DATA EXCERPT:

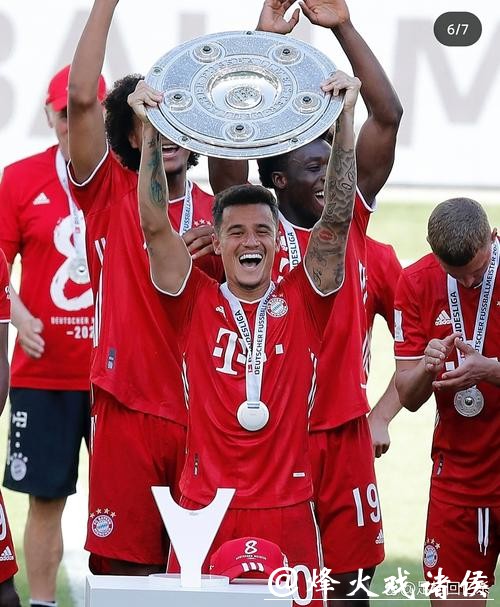 拜仁再损中场一将 库蒂尼奥接受脚踝手术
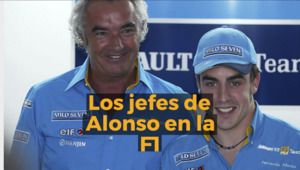 Motorsport Stories: los jefes de Fernando Alonso en F1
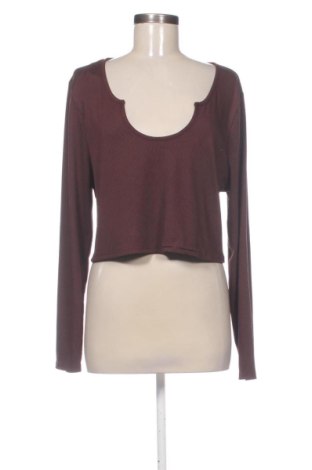 Bluzka damska Unbranded, Rozmiar XL, Kolor Brązowy, Cena 29,63 zł, #137956206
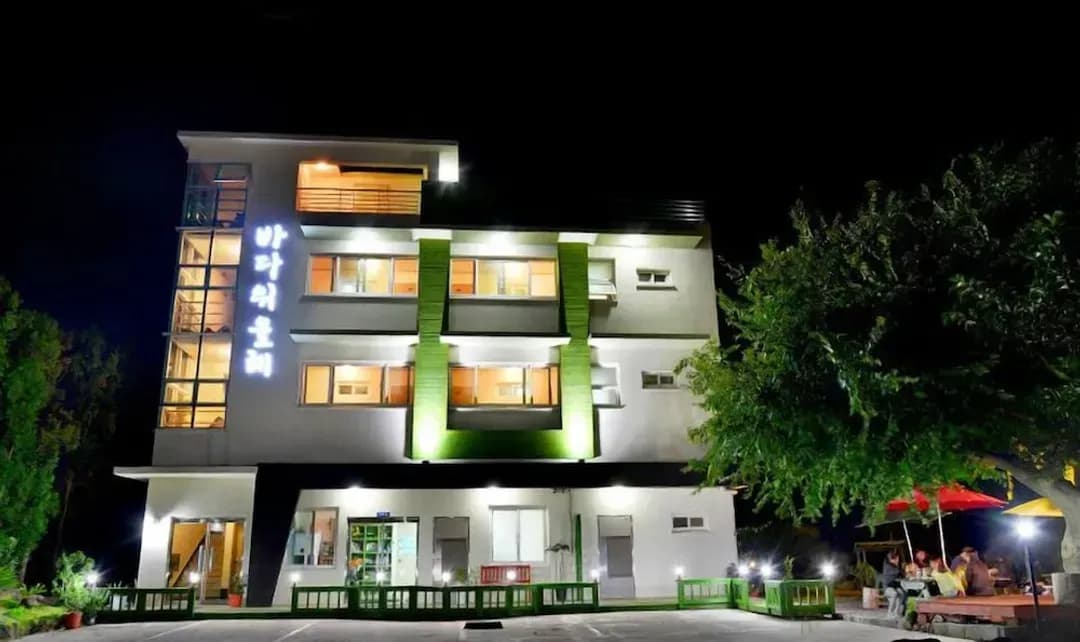 濟州特別自治道-濟州巴達維阿酒店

AIM OF THE TASK: The whole listing, minus its images, should be repeated exactly.

RESPONSE TO THIS EXERCISE:
 拜仁再损中场一将 库蒂尼奥接受脚踝手术
 Motorsport Stories: los jefes de Fernando Alonso en F1
 Bluzka damska Unbranded, Rozmiar XL, Kolor Brązowy, Cena 29,63 zł, #137956206
 濟州特別自治道-濟州巴達維阿酒店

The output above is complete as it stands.